[ML&DL] 8. Support Vector Machines

KBC·2024년 12월 14일

Machine Learning and Deep Learning

목록 보기

8/11

Here we approach the two-class classification problem in a direct way :

We try and find a plane that seperates the classes in feature space
If we cannot, we get creative in two ways :
- We soften what we mean by seperates, and
- We enrich and enlarge the feature space so that separation is possible

A hyperplane in $p$ dimensions is a flat affine subspace of dimension $p-1$
In general the equation for a hyperplane has the form $\beta_0+\beta_1X_1+\cdots+\beta_pX_p=0$
In $p=2$ dimensions a hyperplane is a line
If $\beta_0=0,$ the hyperplane goes throught the origin, otherwise not
The vector $\beta=(\beta_1,\;\beta_2,\cdots,\beta_p)$ is called the normal vector - it points in a direction orthogonal to the surface of a hyperplane

If $f(X)=\beta_0+\beta_1X_1+\cdots+\beta_pX_p$ , then $f(X)>0$ for points on one side of the hyperplane, and $f(X)<0$ for points on the other
If we code the colored points as $Y_i=\pm1$ for blue, say, and $Y_i=-1$ for mauve, then if $Y_i\cdot f(X_i)>0$ for all $i$ , $f(X)=0$ defines a separating hyperplane $d=\frac{|\beta_0+\beta_1X_1+\cdots+\beta_pX_p|}{\sqrt{\beta_1^2+\cdots+\beta_p^2}}$

Among all seperating hyperplanes, find the one that makes the biggest gap or margin between the two classes
Constrained optimization problem $\text{maximize M}\\[0.2cm] \text{subject to }\sum^p_{j=1}\beta^2_j=1\\[0.3cm] y_i(\beta_0+\beta_1x_{i1}+\cdots+\beta_px_{ip}\geq M,\quad\text{for all }i=1,\dots,N$

\text{maximize M subject to }\sum^p_{j=1}\beta^2_j=1\\[0.3cm] y_i(\beta_0+\beta_1x_{i1}+\cdots+\beta_px_{ip})\geq M(1-\epsilon_i),\\[0.3cm] \epsilon_i\geq0,\;\sum^n_{i=1}\epsilon_i\leq C

Enlarge the space of features by including transformations;
e.g. $X^2_1,X^3_1,X_1X_2,X_1X^2_2,\dots$ Hence go from a $p$ -dimensional space to a $M>p$ dimensional space
Fit a support-vector classifier in the enlarged space
This results in non-linear decision boundaries in the original space
Example : Suppose we use $(X_1,X_2,X^2_1,X_2^2,X_1X_2)$ instead of just $(X_1,X_2)$ . Then the decision boundary would be of the form $\beta_0+\beta_1X_1+\beta_2X_2+\beta_3X^2_1+\beta_4X^2_2+\beta_5X_1X_2=0$
This leads to nonlinear decision boundaries in the original space(quadratic conic sections)

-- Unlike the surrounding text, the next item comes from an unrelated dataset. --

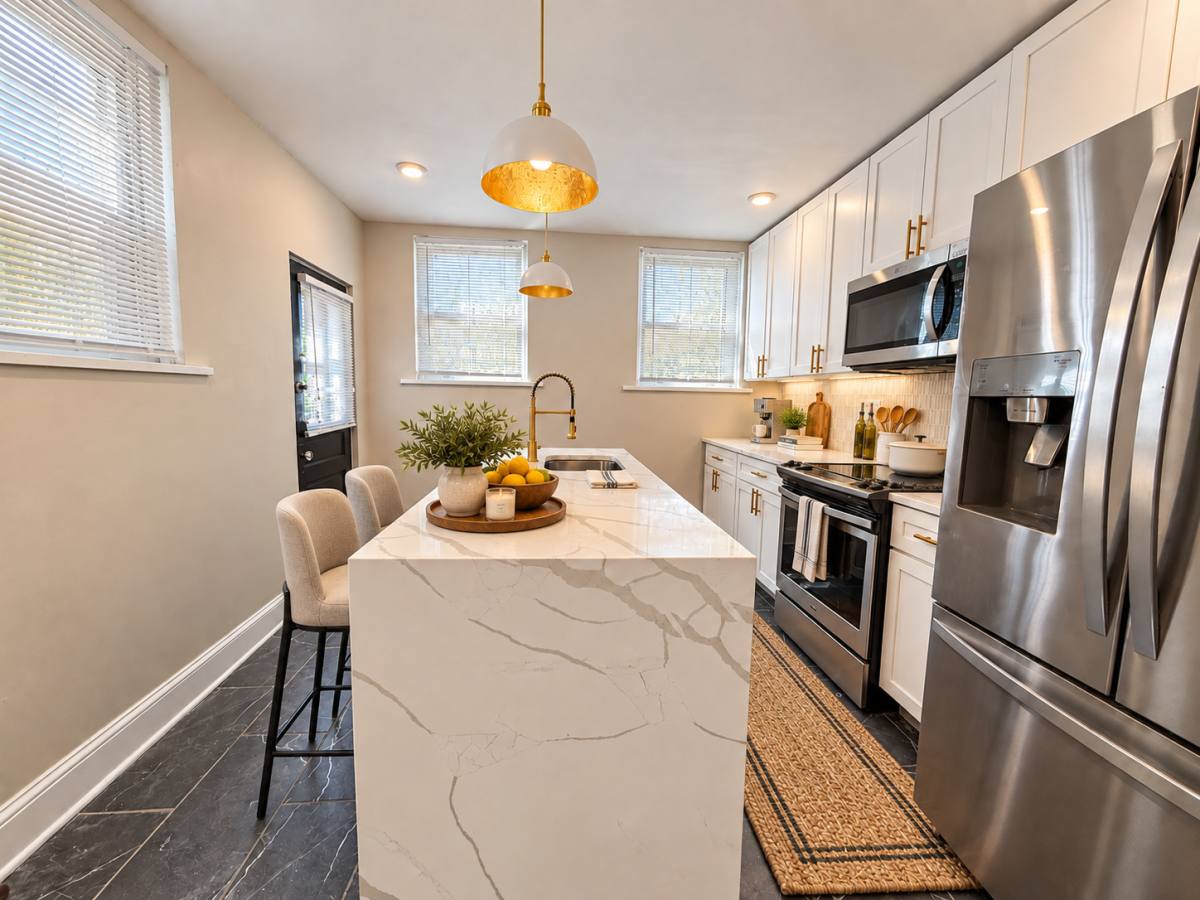 Townhouse for rent at 2112 N 57th St, Philadelphia, PA 19151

Here we use a basis expansion of cubin polynomials
From $2$ variables to $9$
The support-vector classifier in the enlarged space solves the problem in the lower-dimensional space

\beta_0+\beta_1X_1+\beta_2X_2+\beta_3X^2_1+\beta_4X^2_2+\beta_5X_1X_2+\beta_6X^3_1+\beta_7X^3_2+\beta_8X_1X^2_2+\beta_9X^2_1X_2=0

Polynomials (especially high-dimensional ones) get wild rather fast
There is a more elegant and controlled way to introduce nonlinearities in support-vector classifiers - through the use of kernels
Before we discuss these, we must understand the role of inner products in support-vector classifiers

<x_i,x_{i'}>=\sum^p_{j=1}x_{ij}x_{i'j} :\text{inner product between vectors}

The linear support vector classifier can be represented as $f(x)=\beta_0+\sum^n_{i=1}\alpha_i<x,x_i>\;:\text{n parameters}$
To estimate the parameters $\alpha_1,\dots,\alpha_n$ and $\beta_0$ , all we need are the $\left(\begin{matrix}n\\2\end{matrix}\right)$ inner products $<x_i,x_{i'}>$ between all pairs of training observations
It turns out that most of the $\hat \alpha_i$ can be zero : $f(x)=\beta_0+\sum_{i\in S}\hat \alpha_i<x,x_i>$
$S$ is the support set of indies $i$ such that $\hat \alpha_i >0$

If we can compute inner-products between observations, we can fit a SV classifier. Can be quite abstract!
Some special kernel functions can do this for us $K(x_i,x_{i'})=\left(1+\sum^p_{j=1}x_{ij}x_{i'j}\right)^d$ computes this inner-products needed for $d$ dimensional polynomials - $\left(\begin{matrix}p+d\\d\end{matrix}\right)$ basis functions

Try it for $p=2$ and $d=2$
The solution has the form $f(x)=\beta_0+\sum_{i \in S}\hat \alpha_i K(x,x_i)$

K(x_i,x_{i'})=\exp\left(-\gamma\sum^p_{j=1}\left(x_{ij}-x_{i'j}\right)^2\right)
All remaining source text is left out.